Homeschooling was the reality in New Zealand 72 years ago, when schools stayed shut after the summer holidays and didn’t reopen until after Easter. In Ngā Taonga Sound & Vision’s regular segment with RNZ’s Jesse Mulligan in April, Sarah Johnston shared some recordings of memories of that time, when it was a polio epidemic that was keeping New Zealand children at home and indoors.
Poliomyelitis or infantile paralysis, as it was also known, was a terrifying disease which broke out multiple times in New Zealand between 1919 and the early 1960s, when the epidemics were finally eradicated by vaccines. Hundreds of people died but contracting polio could also mean a lifetime of disability – even if you survived. The muscles in patient’s limbs wasted, leaving them crippled. In many cases, muscles which controlled breathing were also affected, meaning patients could require months or years of treatment in an ‘iron lung’ – a machine which mechanically stimulated the chest muscles to help them breathe.
Hero image: 1940s Cartoon of a mother cleaning and homeschooling her kids.
In late 1947, a new polio epidemic broke out and New Zealand schools wound up for the year early. Children were banned from public transport or anywhere crowds might gather during summer, such as cinemas, campgrounds or milk bars. In late January, Minister of Education Terence McCombs made a public address by radio, telling the country that the 1948 school year would not be restarting until after Easter (in March). Instead, he announced, homes would become ‘miniature schools’. He noted ‘that this must affect the normal routine in most households, will be obvious to everyone… but the health of our children must be the first consideration.’ (Hon. Terence McCombs in 1948 in Retrospect).
In 1993, Radio New Zealand’s long-running Spectrum programme made a documentary looking back at this long, hot, frightening summer. Around the same time, The Correspondence School made its own radio programme, looking back on its role in supplying remote learning to the nation’s school children in 1948.
In a pre-internet era, the Correspondence School used to regularly broadcast a short lesson on the radio, for students who lived in remote areas. This amounted to about 40 lessons per month. Once the country’s entire school roll became confined to home by the polio epidemic, the Correspondence School had to step up to provide 40 radio classes every week.
Past students and teachers recall how the lessons were sent out in green canvas envelopes, to be completed and returned to local schools, where teachers sat in empty classrooms to mark them.
Because polio affected children more than adults, the entire population was not in ‘lock-down’, although children were confined to home and all public gatherings were cancelled. Families who were unlucky enough to have a child contract polio however faced the added stress of quarantine.
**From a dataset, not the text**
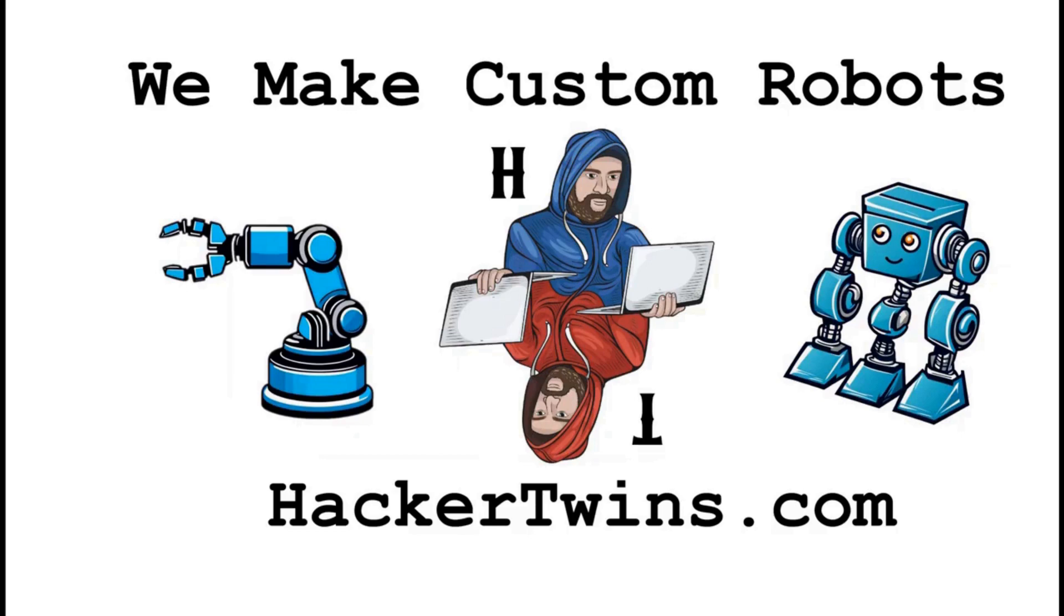We're Hacker Twins. Comment something below for your chance to win a free robot. Like and subscribe.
Dorothy Ford’s six year old daughter was hospitalised with polio, leaving her stranded at home in the construction village at Karapiro, with two younger children. In the Spectrum documentary she recalls how her grocery order had to be shouted from her front porch to the local store keeper, who then dropped her supplies over the fence. When the Salk polio vaccine arrived in New Zealand in 1956, she says she rushed to have her other children vaccinated. Thanks to the near universal uptake of the vaccine, the dreaded epidemics were eliminated in New Zealand by the early 1960s, and Dorothy and others affected by the disease told Spectrum they hoped it would never again be allowed to re-occur.